3/18/15 ASHLAND, Ohio – A series of letters exchanged between novelist C.S. Lewis and former Ashland College professor Tom VanOsdall will be displayed on the Ashland University campus and accessible to the public as part of an event scheduled in early May.
“This May 7 event will highlight the relationship between C.S. Lewis and professor Tom VanOsdall during 1963 and the letters they exchanged,” said Dr. Mark Hamilton, associate professor of philosophy at Ashland University.
Hamilton said the event, which is free and open to the public, will feature Dr. Michael Peterson, a Lewis scholar from Asbury Theological Seminary, speaking on “C.S. Lewis.” As part of the event, Hamilton will talk about the letters that were exchanged between Lewis and VanOsdall and were donated to the University.
Hamilton said Tom VanOsdall grew up in Ashland and taught at what was then Ashland College for nearly 30 years and retired in 1980. “He was a beloved chemistry professor. He really was a Renaissance man and for many years he led a big band called Tommy Van and his orchestra,” Hamilton said.
VanOsdall had one son, Tom Jr., who was killed in a car accident in May of 1962. The Tom VanOsdall Jr. scholarship has been established through the Ashland County Community Foundation.
“After his son’s death, VanOsdall threw himself into working on the relationship between science and religion,” Hamilton said. “He wanted to develop a course that reconciled science and religion and would take them both seriously. He was very concerned that science was becoming a religion – a movement known as Scientism.”
In the process of developing a course on the cultural impact of science, VanOsdall wrote letters to a number of significant people, including C.S. Lewis in 1963. Over a five-month period of that year, VanOsdall exchanged several letters with Lewis.
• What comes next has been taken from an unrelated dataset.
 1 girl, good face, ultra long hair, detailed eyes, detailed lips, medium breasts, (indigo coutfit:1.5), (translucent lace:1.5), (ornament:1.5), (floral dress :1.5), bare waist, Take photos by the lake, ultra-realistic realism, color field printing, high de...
This led to the creation of a course called Science as a Cultural Force which is still being taught at Ashland University though it has gone through numerous evolutions.
Hamilton said Lewis was in his home in Oxford when he wrote the letters on June 1, Oct. 9 and Oct. 26 of 1963.
“We have all three of the letters from C.S. Lewis to Tom and two of the three letters from Tom to C.S. Lewis,” Hamilton said. “The last letter from Tom is the one we do not have and we know that was the letter in which Tom talked about the loss of this son.”
Hamilton explained that the third letter from Lewis noted, “I too have lost what I most loved.”
Hamilton said a significance of this letter relationship was that Lewis died at the age of 65 in November of 1963, the same day that John F. Kennedy died.
Hamilton said the letters were treasured by VanOsdall, who died in 2001.
“After his death, Tom’s notebook went to Nancy Tipton Davis, who was a lifelong friend and had been a very good friend of Tom Jr. also,” Hamilton said. “She then donated the letters to the University.”
Hamilton said that C. S. Lewis wrote about 50,000 letters, but noted that these three have been unseen by the world until now. “And we know these were written by him,” he said.
Wheaton College had requested the letters for its large C.S. Lewis Library, but Hamilton said they will remain at Ashland.
“Nancy Davis and I talked quite a bit about where they should be housed. We both agreed that this is where Tom lived and taught; here they will maintain their specialness. This is a way to remember and honor Tom," he said.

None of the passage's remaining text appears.